Armentières (59) : Karim, sa femme et leurs enfants seront bientôt expulsés de leur « maison de cité », car le bail n’est pas à leurs noms

Ces locataires paient pourtant leur loyer de 400 euros par mois rubis sur l’ongle, depuis leur emménagement dans un logement à Armentières, dans le Nord (59), il y a quasiment deux ans. Le couple a également refait les peintures lui-même, carrelé la salle de bain et ajouté du parquet flottant dans les chambres. Un embellissement dont il ne tire aucune gratitude aujourd’hui puisque le bailleur social qui leur loue leur logement, Partenord, a mandaté un huissier pour qu’il quitte les lieux d’ici à fin octobre. «À leurs yeux, on est considérés comme des squatteurs, alors que l’on a même embelli le logement qui était dans un état lamentable à la mort de mon oncle, qui souffrait de handicap mental», s’attriste Cynthia.

De plus le logement colle parfaitement aux besoins de la famille. Il est doté de 4 chambres, une pour eux, une pour leur enfant de 17 ans, une autre pour leur autre enfant de 13 ans et une dernière pour leur dernier de 12 ans. Il est situé à proximité de la route que le couple suit pour aller au travail et non loin du collège où sont scolarisés les deux plus jeunes enfants. Comment des locataires aussi exemplaires peuvent-ils être condamnés à être expulsés? Le bail est la cause de leur malheur.

Un bail au nom de l’oncle décédé

Il ne porte pas le nom du couple mais celui de l’oncle de Cynthia, disparu en janvier 2022. Le couple n’est donc pas considéré comme locataire des lieux, mais comme hébergé par le locataire. Cynthia assure avoir tout mis en œuvre pour rentrer dans les clous depuis qu’elle a pris connaissance de leur expulsion prochaine. Elle a demandé le transfert de bail et est même disposée à payer un loyer plus élevé ou à acheter le logement si le bailleur se montre prêt à s’en séparer. D’autant plus qu’elle entretient un lien affectif avec cette maison, occupée par son oncle dont elle était très proche et auparavant habitée par sa grand-mère. «On se sent bien dans cette maison, on paye le loyer, insiste-t-elle. Je ne comprends pas pourquoi on doit partir», déclare-t-elle.
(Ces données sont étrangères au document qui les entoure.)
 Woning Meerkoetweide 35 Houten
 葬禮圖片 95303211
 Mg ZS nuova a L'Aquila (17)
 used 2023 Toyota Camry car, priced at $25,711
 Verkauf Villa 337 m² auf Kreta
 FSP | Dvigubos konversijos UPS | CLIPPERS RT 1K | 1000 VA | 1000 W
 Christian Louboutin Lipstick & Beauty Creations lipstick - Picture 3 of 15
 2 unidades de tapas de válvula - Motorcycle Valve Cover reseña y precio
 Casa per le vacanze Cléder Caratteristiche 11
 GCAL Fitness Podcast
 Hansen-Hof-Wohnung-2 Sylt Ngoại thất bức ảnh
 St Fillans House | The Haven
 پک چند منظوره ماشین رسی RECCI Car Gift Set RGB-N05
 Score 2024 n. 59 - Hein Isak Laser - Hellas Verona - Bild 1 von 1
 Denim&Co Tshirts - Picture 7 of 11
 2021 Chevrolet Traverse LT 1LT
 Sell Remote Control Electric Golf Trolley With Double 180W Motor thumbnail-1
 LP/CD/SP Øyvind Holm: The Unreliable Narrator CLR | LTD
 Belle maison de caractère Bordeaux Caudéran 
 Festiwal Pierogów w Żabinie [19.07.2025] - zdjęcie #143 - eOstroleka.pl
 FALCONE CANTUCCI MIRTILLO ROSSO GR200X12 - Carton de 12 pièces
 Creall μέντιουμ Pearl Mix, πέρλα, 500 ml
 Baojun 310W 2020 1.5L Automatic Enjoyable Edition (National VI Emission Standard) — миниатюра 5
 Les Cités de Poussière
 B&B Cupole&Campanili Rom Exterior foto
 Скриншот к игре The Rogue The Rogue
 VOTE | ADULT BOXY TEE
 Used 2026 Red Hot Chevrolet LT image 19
Que dit la loi dans ce type d’affaire? «Au terme de l’article 14 de la loi du 6 juillet 1989, si le locataire décède, il peut y avoir un transfert du bail aux ayants-droits, dont la liste est précisée par le texte, explique au Figaro, Maître Pierre de Plater, avocat en droit immobilier. Il s’agit du conjoint survivant, des descendants qui vivaient avec lui depuis au moins un an à la date du décès, des ascendants ou des personnes à charge, qui vivaient avec lui depuis au moins un an à la date du décès. En tout état de cause, si des personnes occupent les lieux sans avoir qualité d’ayant droit et sans être titulaire d’un bail conforme, ils sont occupants sans droit ni titre.» Affaire à suivre.

Partenord applique la loi

Pour le référent s’exprimant au nom de Partenord, « Madame X a eu le temps de s’organiser pour trouver une solution résidentielle, elle occupe illégalement notre logement depuis janvier 2022 et vous comprenez bien que nous ne pouvons pas régulariser une occupation sans droit ni titre ».

Du côté de Partenord, qui a pourtant empoché tous les loyers, hors de question pour l’instant de trouver une solution à l’amiable.

Du côté de Partenord, qui a pourtant empoché tous les loyers, hors de question pour l’instant de trouver une solution à l’amiable.

Et d’expliquer que Cynthia est arrivée dans le logement en décembre 2021, soit un mois avant le décès du titulaire du bail de ce logement. « Ne pouvant justifier de vivre depuis plus d’un an dans le logement, elle ne remplissait pas les conditions de l’article 14 de la loi du 6 juillet 1989 pour un transfert de bail, précise-t-il. Plusieurs démarches ont été entreprises, sans succès, auprès de Mme X pour qu’elle quitte le logement. Madame a décidé de rester dans ce logement et est se faisant devenue occupante sans droit ni titre du logement. Partenord Habitat a donc dû intenter une action en justice pour pouvoir récupérer le logement. »

Avec la même froideur, il met un avant un jugement proclamé en novembre 2022 par le tribunal de Lille ayant constaté l’occupation sans droit ni titre, et condamné Mme X à payer une indemnité d’occupation de ce logement de 380 €, malgré les quelque 9 000 € empochés depuis, par le bailleur social. Le tribunal a aussi accordé un délai de sept mois pour quitter le logement. Et de trancher, « le délai étant passé, nous avons délivré un commandement de quitter les lieux à Madame X, conformément au jugement », conclut le bailleur social.